Exercise brief
Look for the word "Class". Copy every line of the listing where it occurs.

Provided data
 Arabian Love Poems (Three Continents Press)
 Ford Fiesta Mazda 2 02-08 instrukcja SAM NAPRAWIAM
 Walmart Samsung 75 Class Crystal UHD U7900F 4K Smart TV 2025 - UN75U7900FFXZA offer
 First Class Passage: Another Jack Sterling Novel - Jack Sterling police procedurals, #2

--

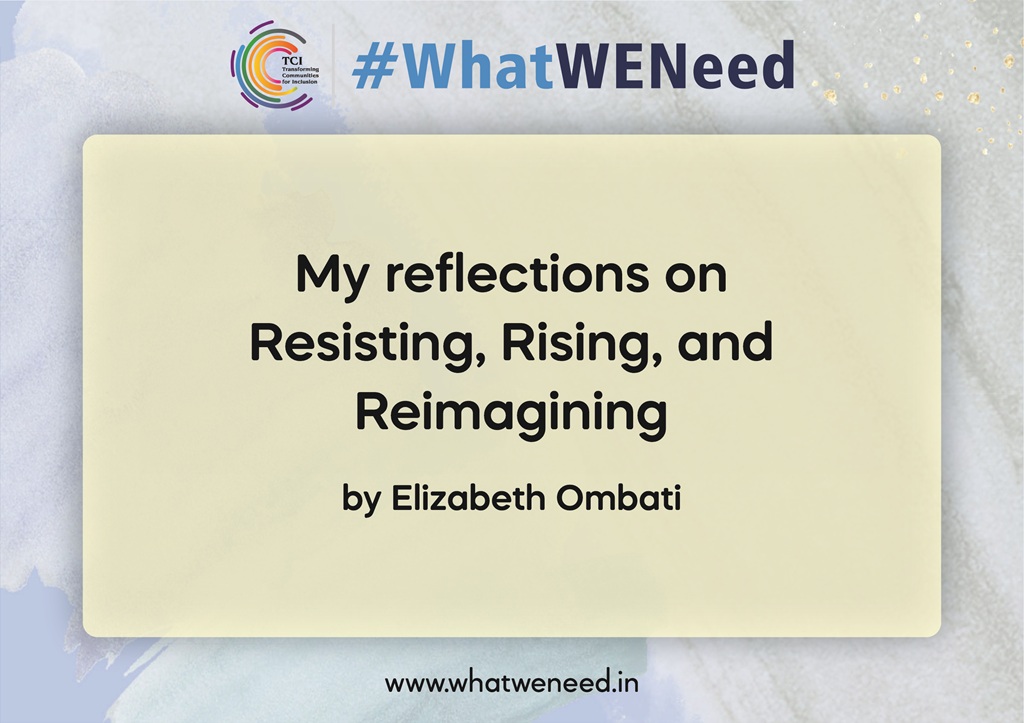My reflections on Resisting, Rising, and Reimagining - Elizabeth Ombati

Response below
 Walmart Samsung 75 Class Crystal UHD U7900F 4K Smart TV 2025 - UN75U7900FFXZA offer
 First Class Passage: Another Jack Sterling Novel - Jack Sterling police procedurals, #2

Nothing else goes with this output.